Outro cenário de confronto foi a boate carioca Sucata, onde Caetano, Gil e Mutantes fizeram uma conturbada temporadas de shows, em outubro. Uma bandeira com a inscrição “Seja marginal, seja herói” (obra de Hélio Oiticica), exibida no cenário, e o boato de que Caetano teria cantado o Hino Nacional enxertando versos ofensivos às Forças Armadas serviram de pretexto para que o show fosse suspenso.

Ainda em outubro, finalmente, os tropicalistas conseguiram um programa semanal na TV Tupi. Com roteiro de Caetano e Gil, Divino, Maravilhoso contava com todos os membros do grupo, além de convidados como Jorge Ben, Paulinho da Viola e Jards Macalé. Os programas eram concebidos como happenings, repletos de cenas provocativas. A influência do movimento também ficou evidente em dezenas de canções concorrentes no IV Festival de Música Popular Brasileira, que a TV Record começou a exibir em novembro. A decisão do júri refletia o grande impacto da Tropicália somente um ano após o lançamento de suas primeiras obras: São São Paulo, de Tom Zé, foi a canção vencedora; Divino, Maravilhoso, de Caetano e Gil, ficou em terceiro lugar; 2001, de Tom Zé e Rita Lee, foi a quarta colocada.

Morte Decretada

Nessa época, com o endurecimento do regime militar no país, as interferências do Departamento de Censura Federal já haviam se tornado costumeiras; canções tinham versos cortados, ou eram mesmo vetadas integralmente. A decretação do Ato Institucional nº 5, em 13 de dezembro de 1968, oficializou de vez a repressão política a ativistas e intelectuais. As detenções de Caetano e Gil, em 27 de dezembro, precipitaram o enterro da Tropicália, embora sua morte simbólica já tivesse sido anunciada, nos eventos do grupo.
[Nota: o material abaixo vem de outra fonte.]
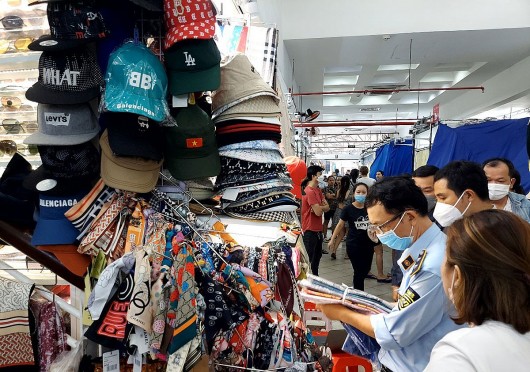 Phát hiện hàng nghìn sản phẩm giả mạo các nhãn hiệu nổi tiếng ở Saigon Square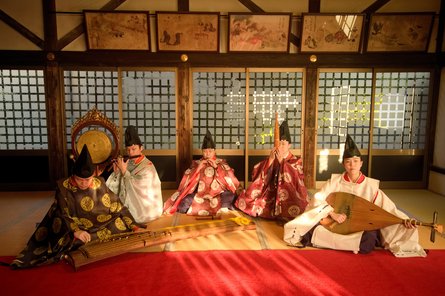 Gagaku Gruppe traditionell japanisch gekleideter Personen in einem Raum sitzend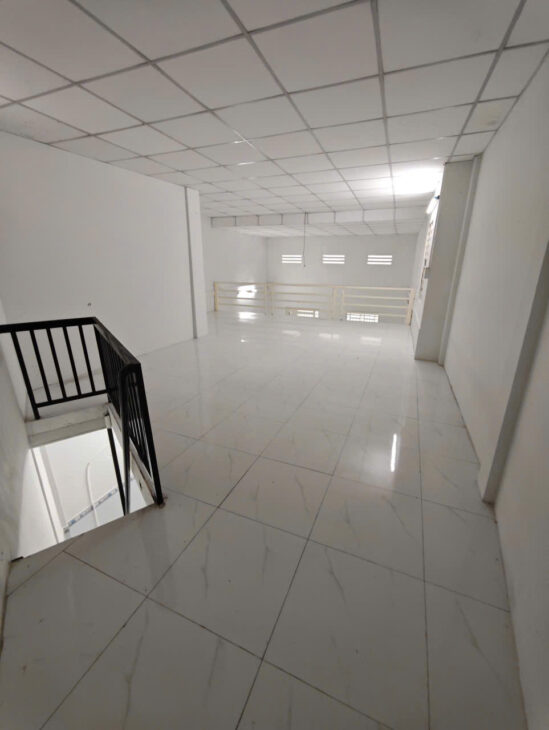 63. Nhà 5 triệu gần công viên Lưu Hữu Phước thuận tiện ở và kd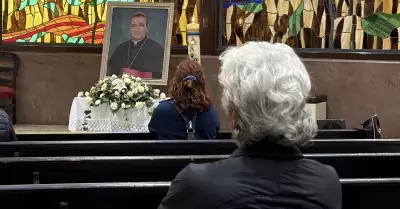 Comunidad catlica se une en oracin por el eterno descanso de su pastor, el Arz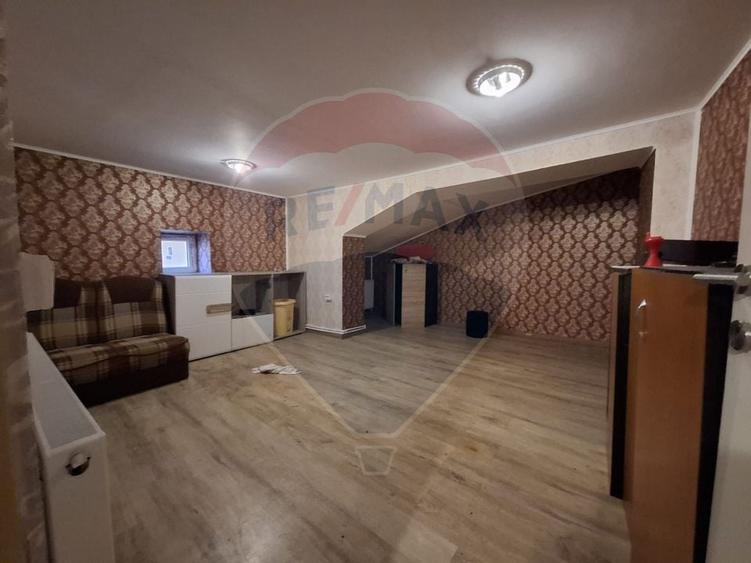 Casa ultracentral | 2 camere de vanzare Calea Plevnei - 15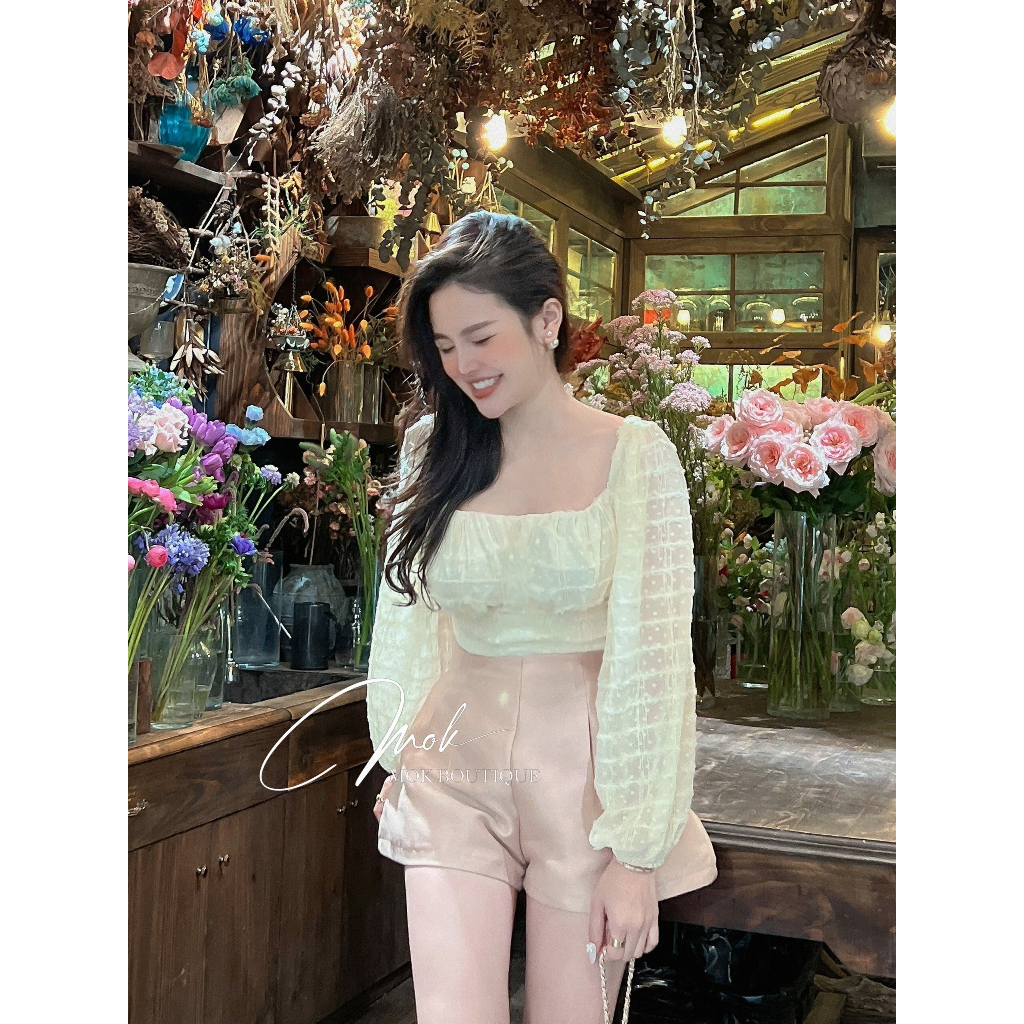 Áo croptop nữ rúm tay bồng chun lưng chất voan bi kẻ tiểu thư phù hợp đi chơi hẹn hò - Mok Boutique
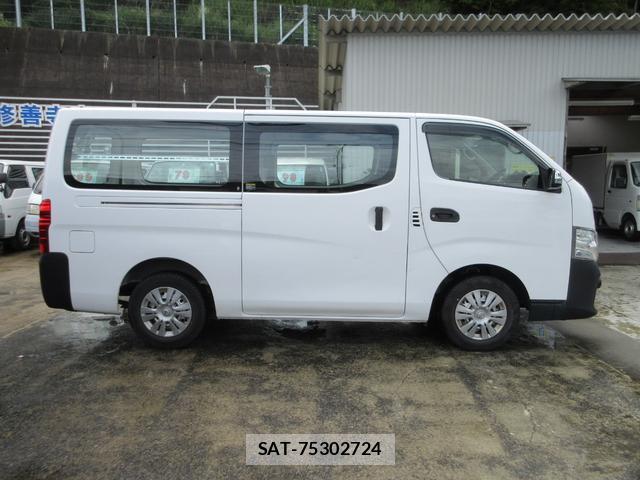 Nissan NV350 Caravan 2019-03 8222722-3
Apesar de ter se revelado tão explosiva quanto breve, com pouco mais de um ano de vida oficial, a Tropicália seguiu influenciando grande parte da música popular produzida no país pelas gerações seguintes. Até mesmo em trabalhos posteriores de medalhões da MPB mais tradicional, como Chico Buarque e Elis Regina, pode-se encontrar efeitos do “som universal” tropicalista.

Descendentes diretos ou indiretos do movimento continuaram surgindo em décadas posteriores, como o cantor Ney Matogrosso e a vanguarda paulistana do final dos anos 70, que incluía Arrigo Barnabé, Itamar Assumpção e o Grupo Rumo. Ou, já nos anos 90, o compositor pernambucano Chico Science, um dos líderes do movimento Mangue Bit, que misturou pop eletrônico com ritmos folclóricos locais. Ou ainda um grupo de compositores e intérpretes do Rio de Janeiro, como Pedro Luís, Mathilda Kóvak, Suely Mesquita e Arícia Mess, que lançaram em 1993 um projeto com pose de movimento intitulado Retropicália.

Em 1998, os 30 anos do movimento serviriam de tema oficial do Carnaval de Salvador.

Essa efeméride também provocou a gravação do CD-tributo Tropicália 30 Anos, no qual as canções mais populares do movimento foram recriadas por intérpretes da nova geração baiana, como Carlinhos Brown, Margareth Menezes e Daniela Mercury, além dos próprios Caetano, Gil, Tom Zé e Gal Costa.

Em âmbito internacional, nos últimos anos, conceituadas publicações como o jornal norte-americano The New York Times ou a revista britânica The Wire dedicaram artigos extensos à Tropicália. Um revival até inusitado, que parece ter sido despertado pelo culto às obras de Caetano, Gil, Tom Zé e Mutantes, que astros do pop internacional como David Byrne, Beck e Kurt Cobain já vinham praticando havia anos.